SUPPLIED ENTRIES

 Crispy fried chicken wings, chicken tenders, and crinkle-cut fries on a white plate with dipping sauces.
---
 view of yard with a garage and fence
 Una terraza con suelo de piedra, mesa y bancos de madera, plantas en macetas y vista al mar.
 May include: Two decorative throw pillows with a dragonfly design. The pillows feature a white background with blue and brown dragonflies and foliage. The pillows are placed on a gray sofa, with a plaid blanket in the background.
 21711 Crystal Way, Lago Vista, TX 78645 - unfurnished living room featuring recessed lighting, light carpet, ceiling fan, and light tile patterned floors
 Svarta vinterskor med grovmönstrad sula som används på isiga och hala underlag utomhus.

PROBLEM DETAILS
Could you copy every line from the records that mentions the word "white"?

EXPECTED ANSWER
 Crispy fried chicken wings, chicken tenders, and crinkle-cut fries on a white plate with dipping sauces.
 May include: Two decorative throw pillows with a dragonfly design. The pillows feature a white background with blue and brown dragonflies and foliage. The pillows are placed on a gray sofa, with a plaid blanket in the background.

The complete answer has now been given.